Offensively, the Hunter signing worked out tremendously for the Detroit Tigers – I think anyone would have been pleased going into it to know that Hunter would post an .800 OPS (with OBP and SLG almost exactly equal to his career averages) at the ages of 37-38. The “changes” to Hunter’s approach suggested to have led to his unusual 2012 numbers (higher LD% and GB% leading to higher BABIP, but more aggressiveness leading to lower BB%) continued in 2013 and played well in Hunter’s new park. Though his HR/FB rate did fall after moving from Los Angeles, one could still (and probably should still) argue that Hunter should be hitting more fly balls and fewer grounders. His “reduced” HR/FB rate of 11.2% in 2013 is better than most (waaaay better than Ian Kinsler) and gives Hunter a 1.046 OPS on fly balls compared to a .593 OPS on grounders – despite his better-than-average BABIP on the aformentioned grounders. We have no concerns that Hunter has lost power, lost batting eye, etc… and expect good things from him at the plate in 2014 whether he bats in a table-setting role or as a run-producer.
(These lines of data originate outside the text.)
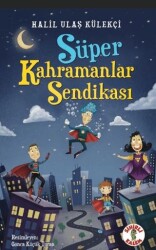 Süper Kahramanlar Sendikası - Sihirli Kalem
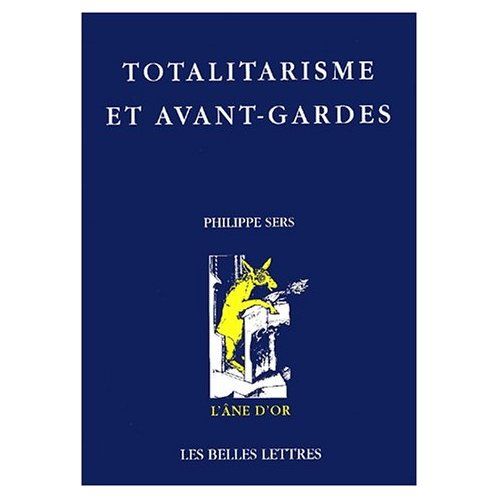 Emprunter Totalitarisme et avant-gardes. Au seuil de la transcendance livre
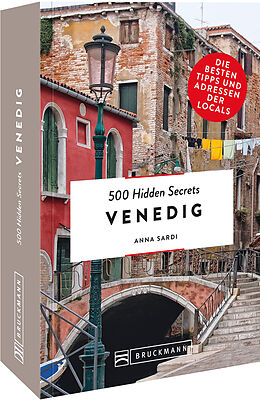 Kartonierter Einband 500 Hidden Secrets Venedig von Anna Sardi
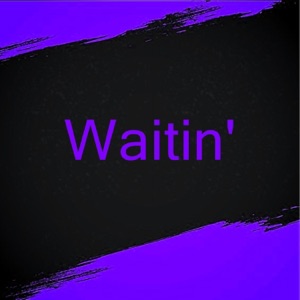 Waitin'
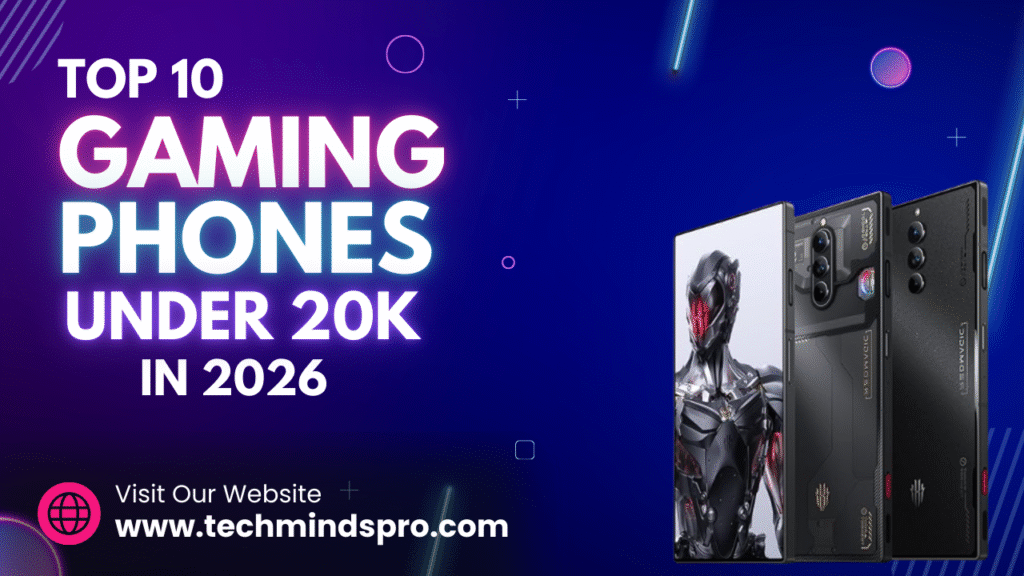 Top 10 Ultimate Gaming Phones Under ₹20,000 (2026 Buyer’s Guide ...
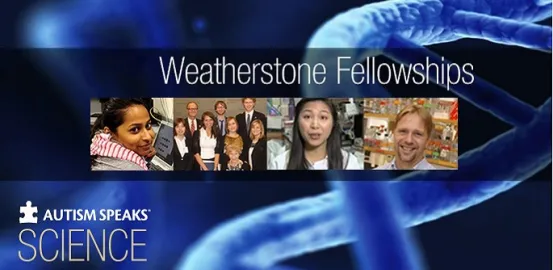 Autism Speaks Weatherstone Research Fellowships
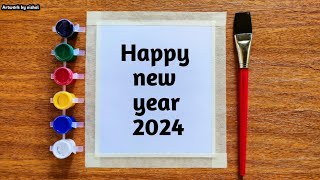 Happy New Year Drawing 2024 easy watercolor painting for beginners step by step tutorial [upl. by Fabiola]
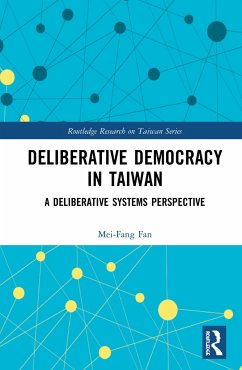 Deliberative Democracy in Taiwan - Fan, Mei-Fang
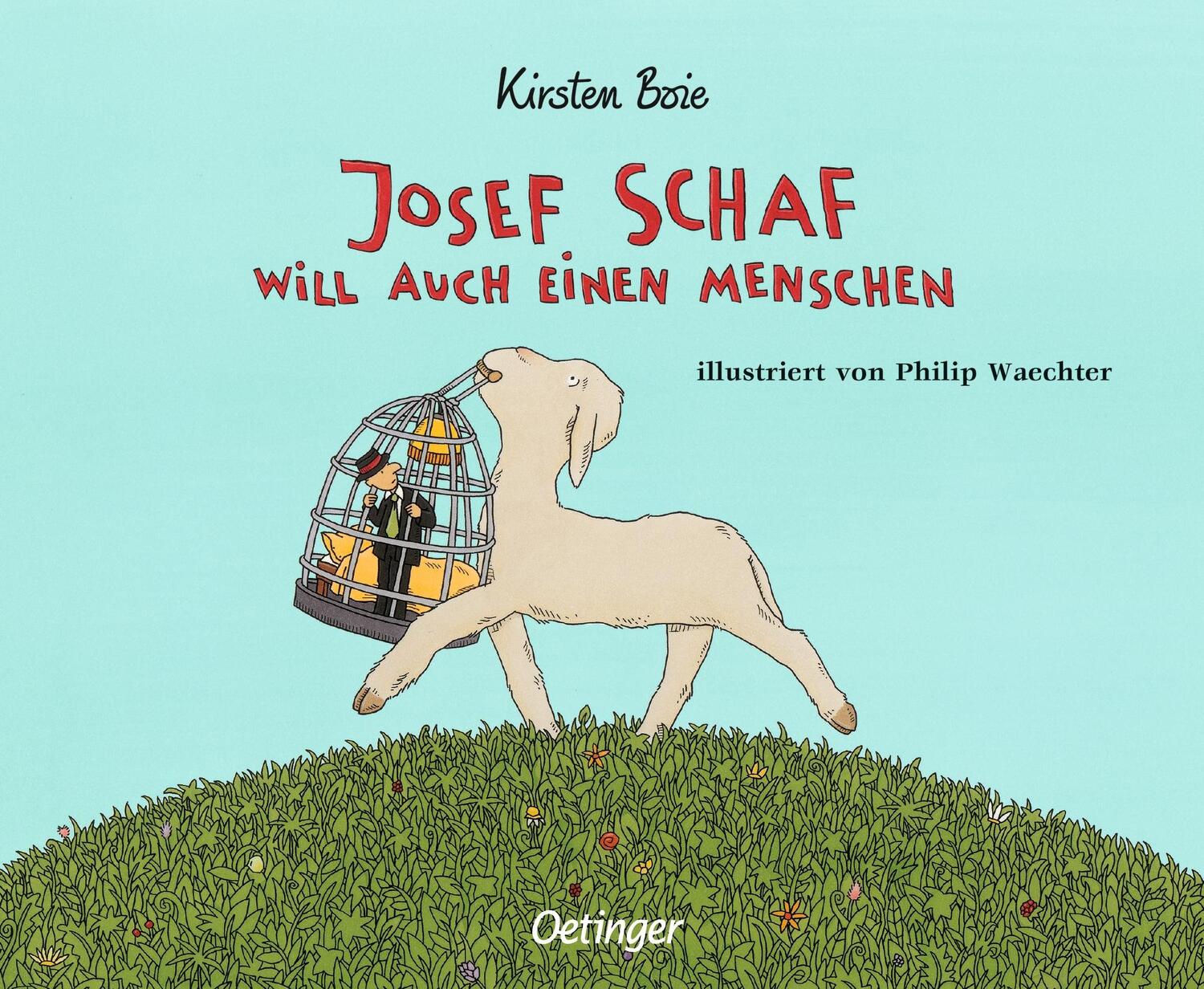 Cover: 9783789113840 | Josef Schaf will auch einen Menschen | Kirsten Boie | Buch | 32 S.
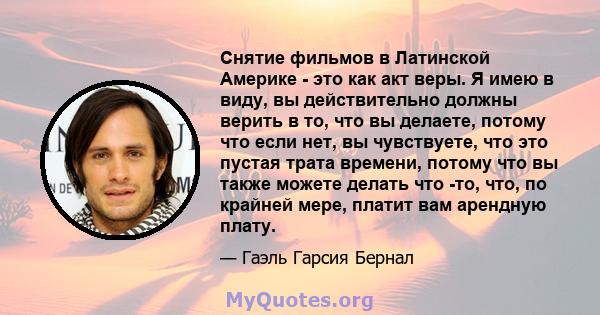 Снятие фильмов в Латинской Америке - это как акт веры. Я имею в виду, вы действительно должны верить в то, что вы делаете, потому что если нет, вы чувствуете, что это пустая трата времени, потому что вы также можете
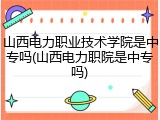 山西电力职业技术学院是中专吗(山西电力职院是中专吗)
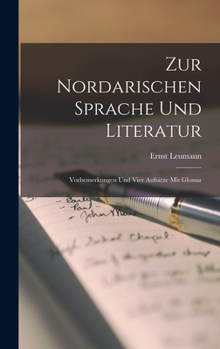 Hardcover Zur nordarischen Sprache und Literatur; Vorbemerkungen und vier Aufsätze mit Glossar [German] Book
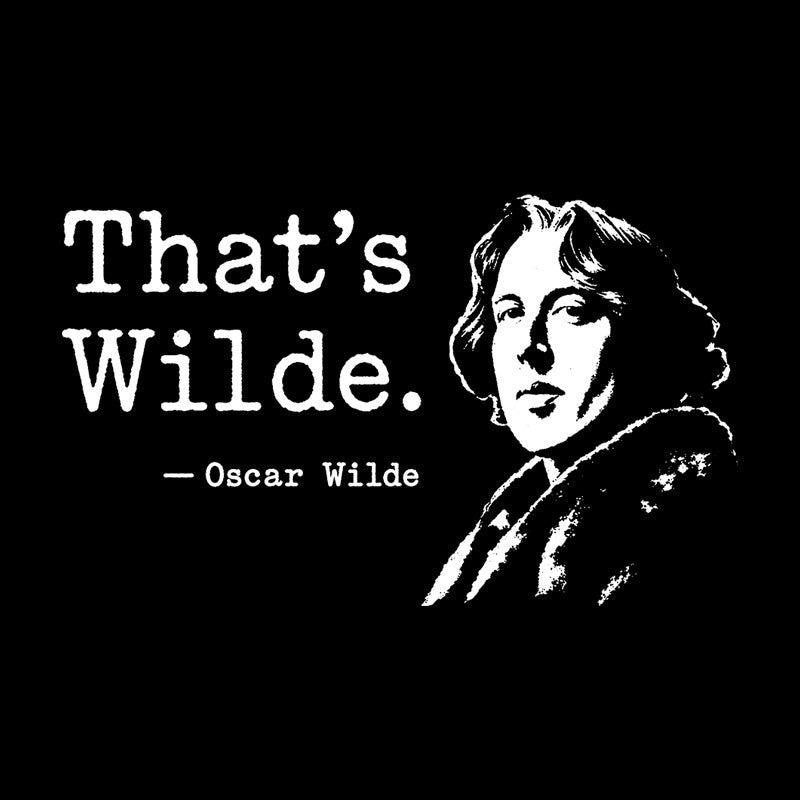 That's wilde  T-Shirt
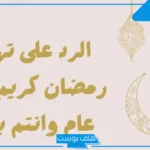 رد تهنئة رمضان جميلة قصيرة.. عبارات الرد على تهنئة شهر رمضان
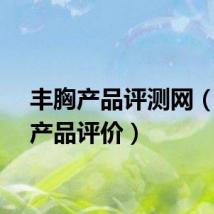 丰胸产品评测网（丰胸产品评价）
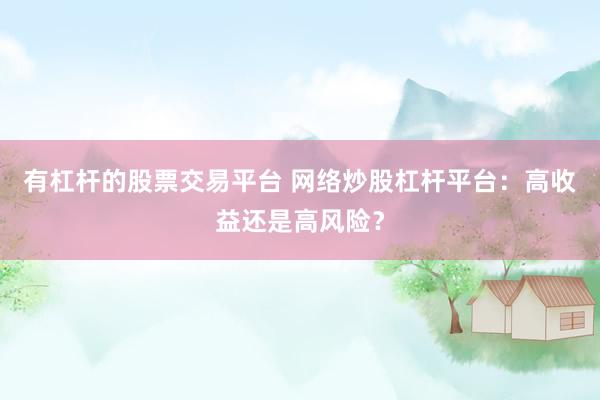 有杠杆的股票交易平台 网络炒股杠杆平台：高收益还是高风险？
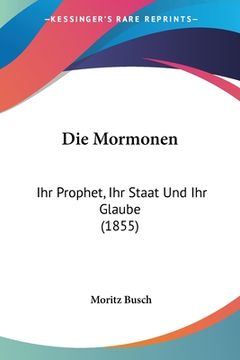 portada Die Mormonen: Ihr Prophet, Ihr Staat Und Ihr Glaube (1855) (en Alemán)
Ah, but defensively… There once was a time when Hunter was an elite center fielder, relying more on defensive instincts and acumen than on natural tools. For a man with a career “Spd” score of only 4.9 out of 10 to make spectacular plays in center takes unique abilities. After a bad 2010 in the field, Hunter was moved to right field and performed well there for the Angels in 2011 and 2012. However, as a Tiger in 2013 Hunter didn’t really make all the plays that he needed to make and contributed to a BABIP on balls to the outfield for Tigers pitching that was much higher than expected, given the quality of the OF defense on paper. Based on “Defensive Runs Saved”, Hunter’s D in right went from 15 runs above average in 2012 to 10 runs below average in 2013. Based on “Ultimate Zone Rating” he went from 14 runs above average to 5.1 runs below average.
Both metrics put a lot of weight on the simple fact that Hunter did or did not catch the balls that were hit to right field. Some of it may be dumb luck, maybe there were a lot of balls hit to right on a line. Some of it could be due to minor injuries, like the “tight dress shoes” incident in July. Some of it could be due to Hunter having “lost a step” with age, though his speed score is only a hair below his career averages and similar to that recorded when Hunter was defending well in right in LA in ’11 and ’12. The possibility which concerns me the most is that Hunters vision – from a distance (as needed to identify the trajectory of a baseball 300 feet away) – may not be what it had been. The Tigers, by virtue of the park that they call home, will continue to be dependent upon range and good jumps in the outfield in order to keep runs off the board. Hunter WILL be playing in right every single day which makes his performance there critical – those advanced metrics rate Hunter’s D a full 2 to 2.5 WINS worse in 2013 than it was in 2012. If he’s back to his normal, which is stellar D, the team will be that much better (and plans to win more 3-2 games will look all the more plausible). If not, reliance on an aging Hunter (as with Magglio Ordonez) will continue to hamper Tigers’ attempts to rise from the bottom of the league in overall defensive efficiency.